I’ll freely admit that I have never gotten in to Nancy Drew. I’ve no strong feelings one way or the other. When asked if I want to review this particular title, I figured I’d give it a whirl, largely because I like Sophia Lillis who plays our title character. She was last seen in the recent Stephen King adaptation, It. While the film is ultimately forgettable, it is also a bit refreshing seeing a fairly wholesome live action film that the whole family can enjoy. Let’s face it, we don’t get a lot of these anymore. Lillis does fine in the title role, but the film has some serious pacing issues despite its relatively brief running time.
As we meet 16-year old Nancy Drew (Sophia Lillis), she’s on her skateboard cruising around town when a friend seeks her out. As it turns out, a friend has been cyber bullied by a jock. So Nancy (naturally) concocts a plan to get revenge on this boy. They sneak into the gym and hack into the cameras and record him during his workouts and tinker with the showers. Ultimately, the young boy has been turned blue and it’s discovered that Nancy is behind it. Since this isn’t her first offense, she’s sentenced to community service. Despite being grounded, Nancy convinces her father to let her go visit an elderly woman with her friend who needs help with a supernatural presence. We then follow Nancy and her friends on their little adventures.
Admittedly, I am not the target audience for such a film. While I enjoyed snippets of it, there were times where I felt I was starting to lose interest. The film is certainly a nice alternative to some of the cruder films that seem to dominate these days, but the screenplay could’ve used more pop. I only heard a little bit on the film, and I’m still unsure just how wide of a theatrical release this received, though some have commented seeing it in theaters. It must be one of the shortest theatrical to home video releases in quite some time.
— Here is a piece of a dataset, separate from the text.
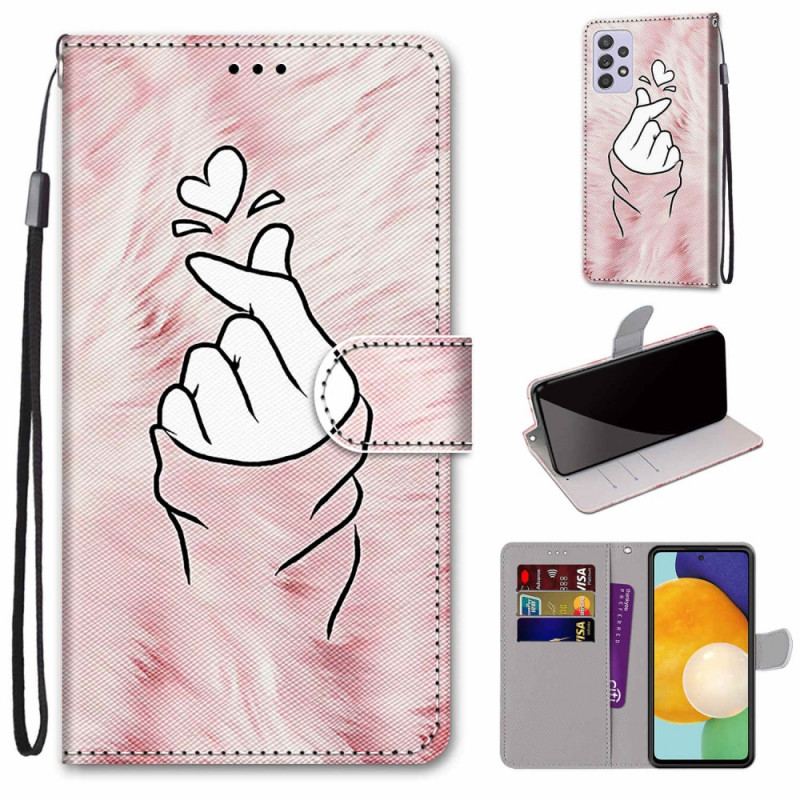 Flip Cover Samsung Galaxy A33 5G Finger Hjerte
Indeed, this really does feel like a made-for-TV movie at times, or something that would (or should, I say) premier on Netflix. I think if Lillis returns for more outings as this character, she needs a more compelling mystery to solve. As it stands, this might make for a good rental for the target audience, but I feel a better screenplay would’ve helped things here.
Video: How’s it look?
With an AVC encoded 1.85:1 transfer, the details are strong and sharp throughout. I can’t think of anything really negative to say as there’s a constant sharpness to the image here. Details and all are strong, print clean and colors accurate. Really, for such a recent film and one I’m most certain was shot digitally, we shouldn’t expect anything less in this day and age.
Audio: How’s it sound?
I find it hard to believe that anyone will use this disc as demo material to showcase their system. That said, the DTS HD Master Audio sound mix is by no means bad, it’s just rather limited. Vocals are spot on, sounding pure and crisp and some surround effects showcase some of the ambiance for the film. It’s a simple, understated and mix that’s sure to please.
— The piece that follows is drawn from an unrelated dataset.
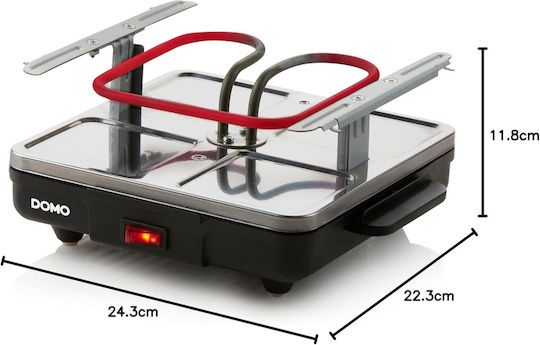 Domo Just us Tabletop Electric Grill Raclette Ribbed Plate 600W 21cmx21cmcm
Supplements: What are the extras?
- A Sleuth, a Girl and an Inspiration – A look at what (and why) they decided to make this film, the history of Nancy Drew and more.
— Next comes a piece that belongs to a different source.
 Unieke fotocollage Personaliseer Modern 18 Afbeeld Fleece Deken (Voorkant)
- Pink Footprints: Touring Twin Elms – We get a nice look around the town of “Twin Elms” as well as some sound bites from the cast and crew.
- Gag Reel – The usual with botched lines, laughing and shenanigans galore!
The Bottom Line
There’s a welcome wholesome quality to this film, but it can’t help but feel a bit too small for its own good; it feels like a TV movie. Sophia Lillis does great in the title role, and the others fill their parts nice too. I just wish I was more invested in the plot. The film also has some pacing issues as it lags on occasion. Still, for the intended audience, a rental isn’t out of the question.